In North 24Parganas, district officials kept vigil throughout the day in areas, including Hansnabad, Hingalganj, Sandeshkhali and Minakha, alerting residents over loudspeaker to the high tide starting in the morning.
“At most places, people were sheltered at rescue centres. But a few of them tried to leave for their homes. Fortunately, there was no tide as of late evening,” an official of the Basirhat subdivision said.
An official in the South 24Parganas administration said: “The tide had not caused major problems to embankments and livelihood at all, and water levels were nowhere near those during Yaas.”
“We had been waiting for the tide for the past couple of days, and those who were evacuated will be returned their homes tomorrow morning. The first threat was over today and now we are planning for the next high tide in a few days. We will repair all the breached embankments soon after that,” South 24Parganas district magistrate P. Ulaganathan said.
The South 24Parganas administration had evacuated 30,000 residents from coastal areas in and around Sagar this week. At the end of the day, the administration heaved a sigh of relief as high water did nothing more than flooding embankments at a few points of Gosaba and Mausuni. The water level, however, receded once the low tide started.

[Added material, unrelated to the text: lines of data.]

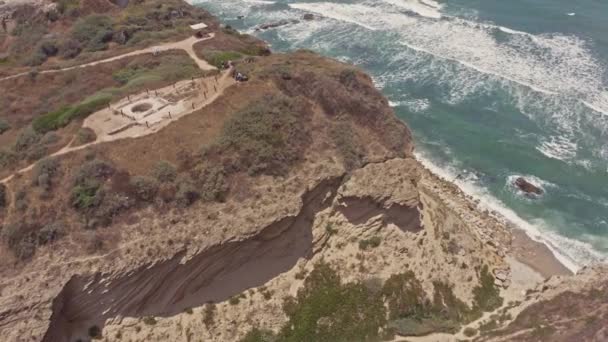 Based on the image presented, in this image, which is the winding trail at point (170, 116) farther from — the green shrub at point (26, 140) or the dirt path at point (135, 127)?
the green shrub at point (26, 140)

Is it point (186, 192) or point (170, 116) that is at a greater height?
point (170, 116)

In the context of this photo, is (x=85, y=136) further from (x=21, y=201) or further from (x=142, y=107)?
(x=21, y=201)

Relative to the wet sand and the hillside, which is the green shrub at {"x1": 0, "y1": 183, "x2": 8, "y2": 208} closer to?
the hillside

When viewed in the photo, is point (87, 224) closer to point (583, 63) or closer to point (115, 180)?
point (115, 180)

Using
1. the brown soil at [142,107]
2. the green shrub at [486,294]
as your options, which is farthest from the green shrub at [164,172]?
the green shrub at [486,294]

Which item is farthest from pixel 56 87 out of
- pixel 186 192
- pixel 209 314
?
pixel 209 314

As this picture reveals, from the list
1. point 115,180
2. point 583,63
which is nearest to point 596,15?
point 583,63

In East Midnapore, only a few villages, including Jalpai and Munchal, were inundated on Friday afternoon after water breached dykes along the Haldi river in Nandigram’s Dangapara. Officials of the irrigation department rushed to the spot and repaired the damage within a few hours.
Similarly, a few villages near Sankarpur and Tajpur Marine Drive, already battered by Yaas, were waterlogged by a high tidal wave early on Friday. “A strong wind from the east created the high wave that waterlogged the area, but no major damage has been recorded,” Chaitanya Ghorai, a local resident said.
District disaster management official of East Midnapore, Mrityunjoy, Halder said: “We had evacuated around 1,500 villagers, who will return home soon if the situation remains normal. There was no major incident of damage or inundation reported from the district as of Friday evening.”